**Input data:**

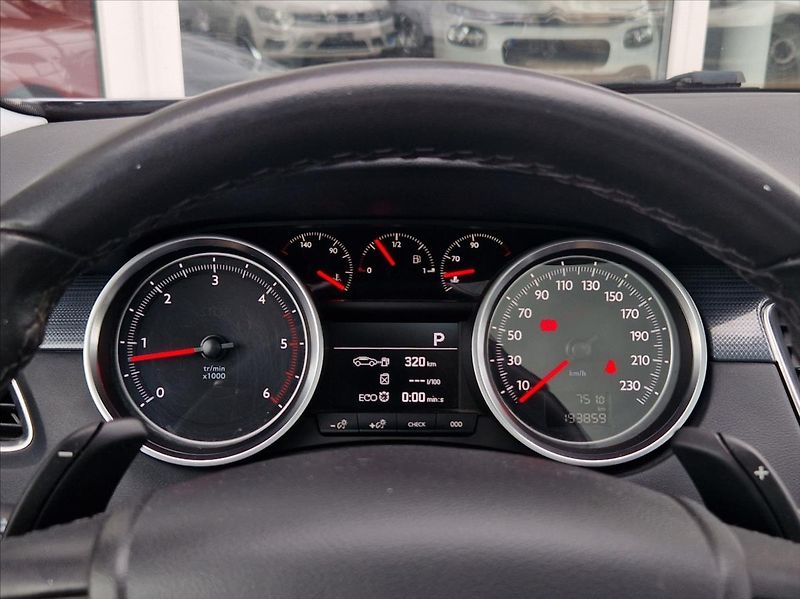 Peugeot 508 1,6 d 88kW KAMERA PANORAMA - fotka 21 z 37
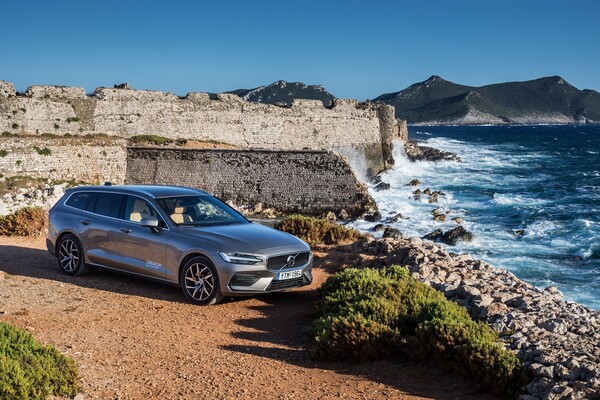 Volvo και Costa Navarino μας ξεναγούν στις ομορφιές της Μεσσηνίας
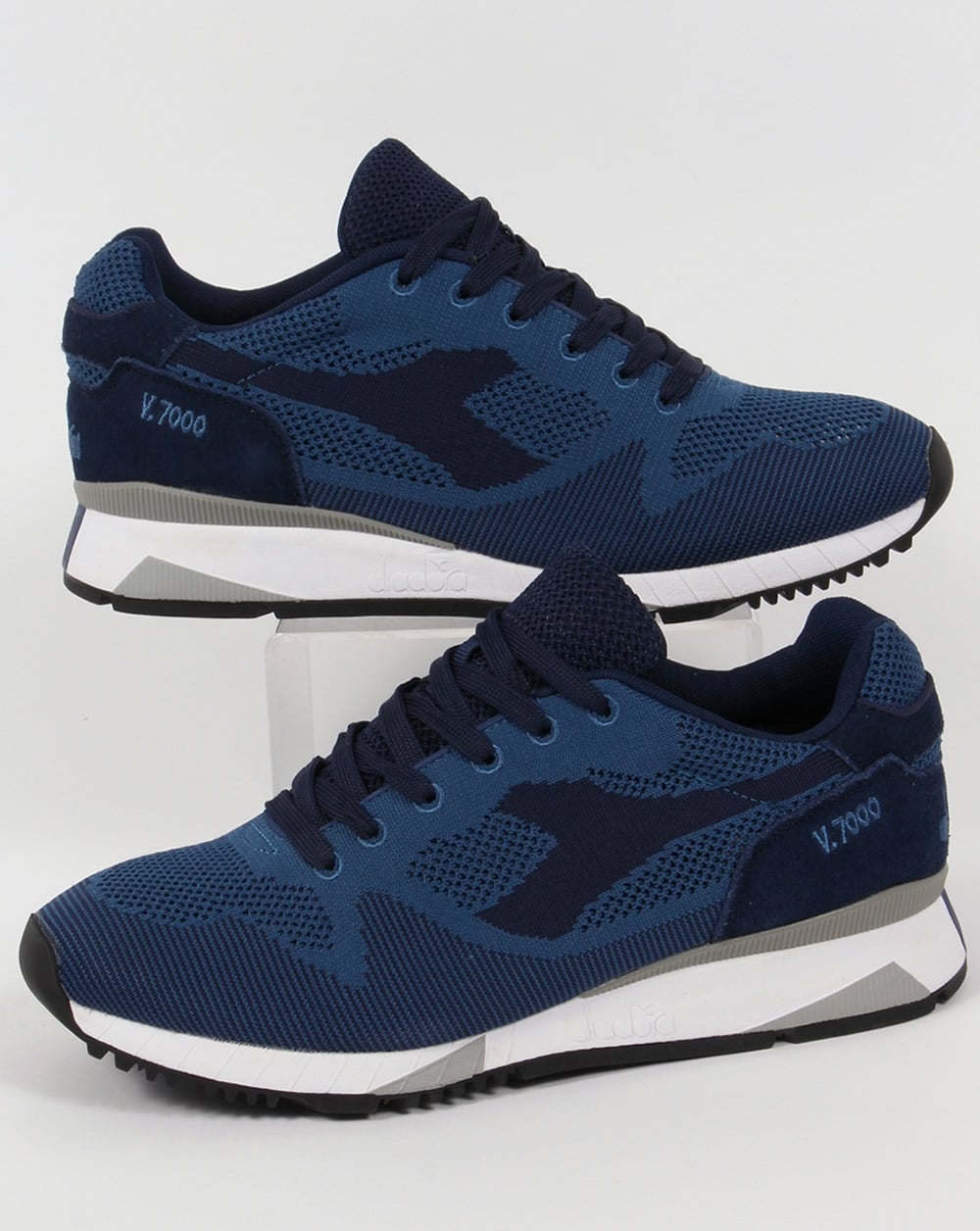 Diadora V7000 Weave Trainers Saltire Navy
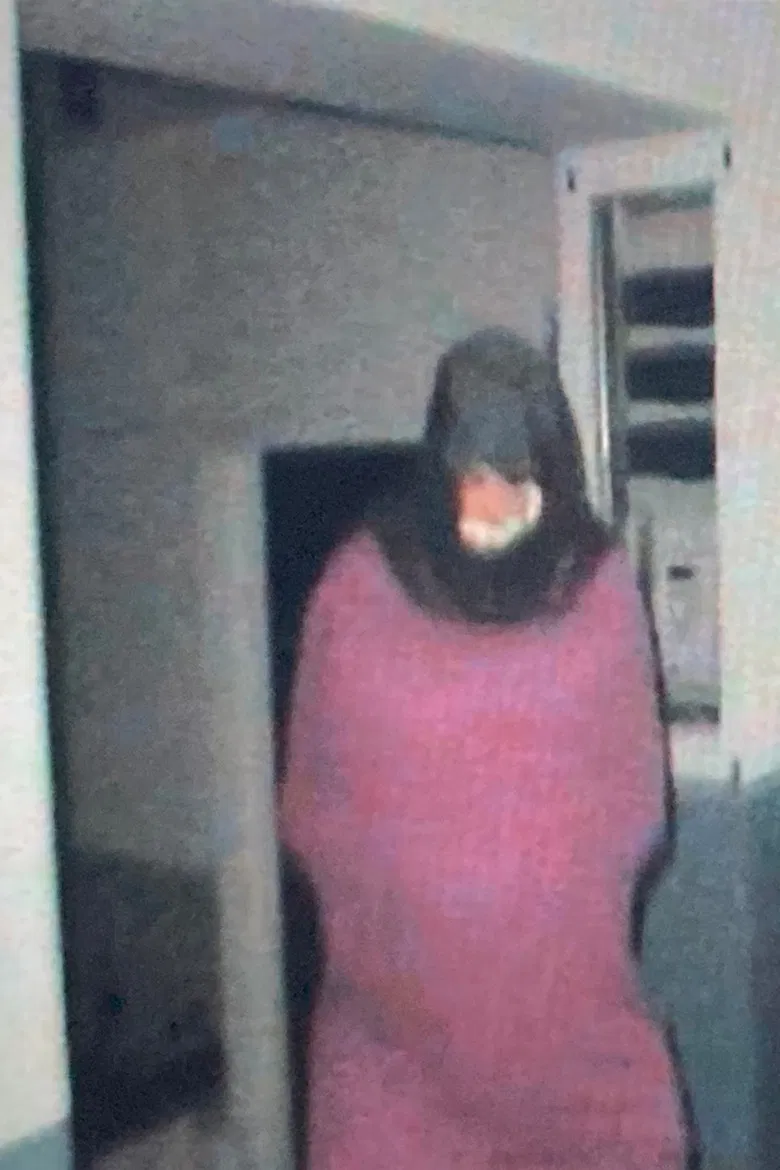 Ελπίζω κάποτε να με ενδιαφέρει poster background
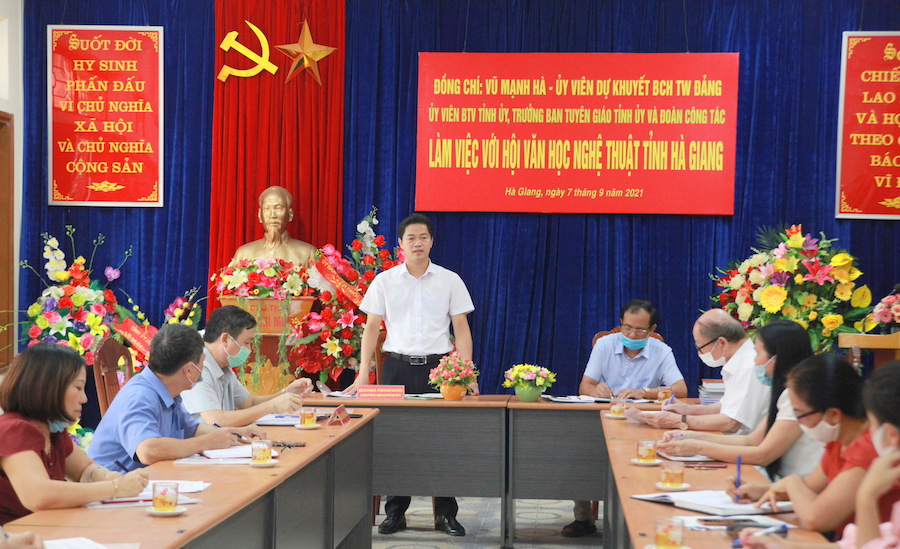 Toàn cảnh buổi làm việc. 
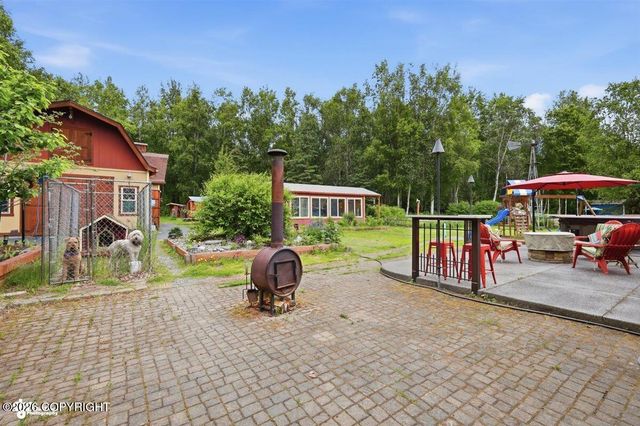 911 E Fairview Loop, Wasilla, AK 99654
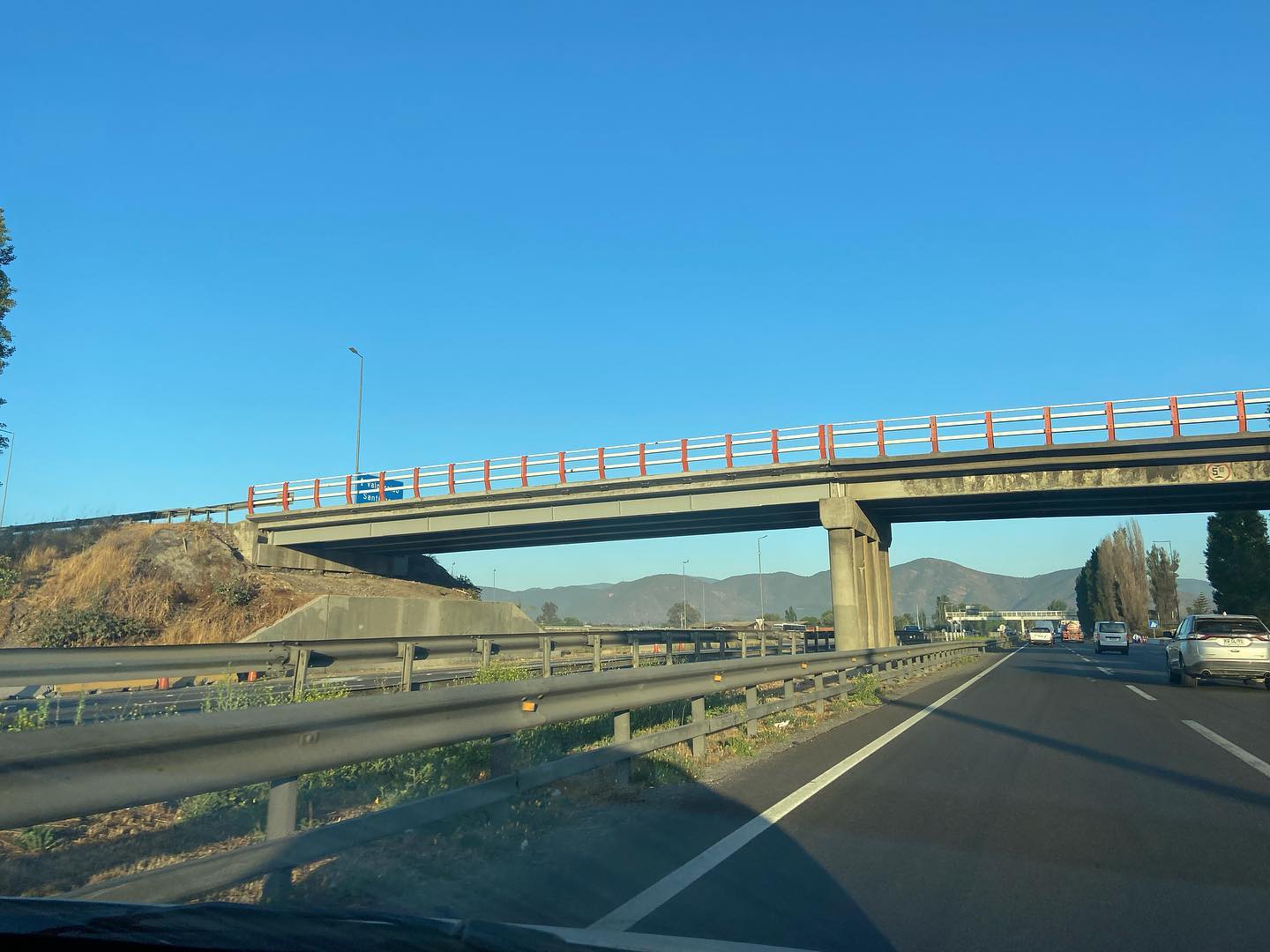 Puente El Olivo vuelve a ser abierto para el tránsito de vehículos en La Calera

**What is needed:** Take the line containing "Ελπίζω κάποτε να" and every line after it to the end of the records, and restate them verbatim, with no pictures.

**Result:**
 Ελπίζω κάποτε να με ενδιαφέρει poster background
 Toàn cảnh buổi làm việc. 
 911 E Fairview Loop, Wasilla, AK 99654
 Puente El Olivo vuelve a ser abierto para el tránsito de vehículos en La Calera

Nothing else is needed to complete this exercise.